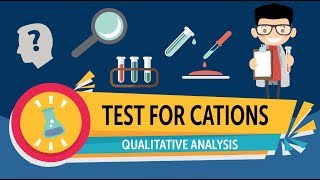 Qualitative Analysis  Test for Cations [upl. by Barkley]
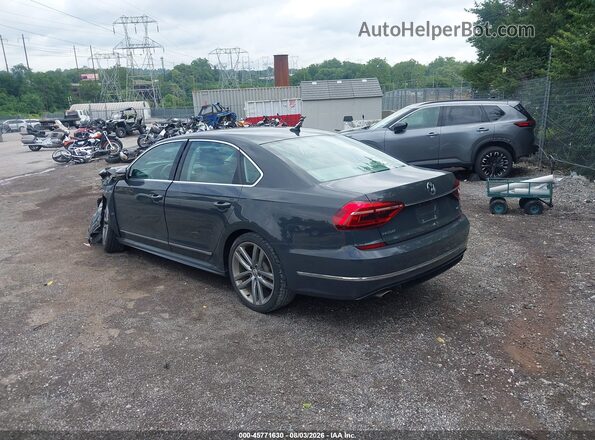 1VWDT7A34HC060042 2017 VOLKSWAGEN PASSAT Серый Задняя левая четверть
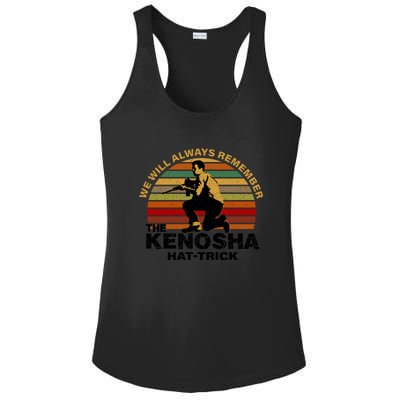 The Kenosha Hattrick Ladies PosiCharge Competitor Racerback Tank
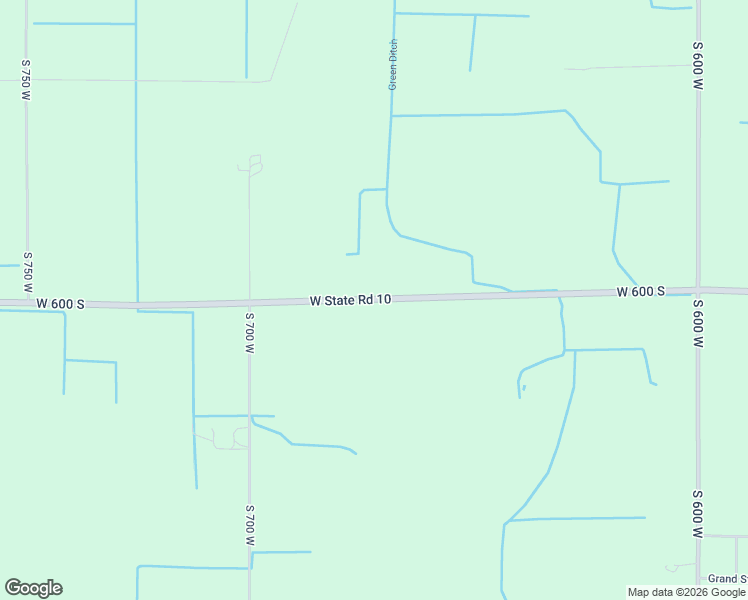 map of restaurants, bars, coffee shops, grocery stores, and more near 6320-6738 West 600 South in North Judson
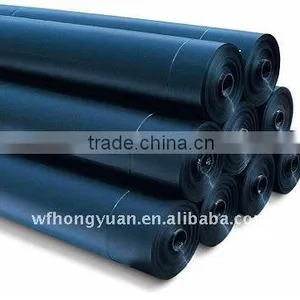 China Manufacturer Ldpe Geomembrane Waterproof Membrane/waterproof Material thumbnail-1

(TASK) In the records above, find the line containing "1VWDT7A34HC060042 2017 VOLKSWAGEN", then please restate it and each line after it word for word, pictures excluded.

(OUTPUT BELOW)
 1VWDT7A34HC060042 2017 VOLKSWAGEN PASSAT Серый Задняя левая четверть
 The Kenosha Hattrick Ladies PosiCharge Competitor Racerback Tank
 map of restaurants, bars, coffee shops, grocery stores, and more near 6320-6738 West 600 South in North Judson
 China Manufacturer Ldpe Geomembrane Waterproof Membrane/waterproof Material thumbnail-1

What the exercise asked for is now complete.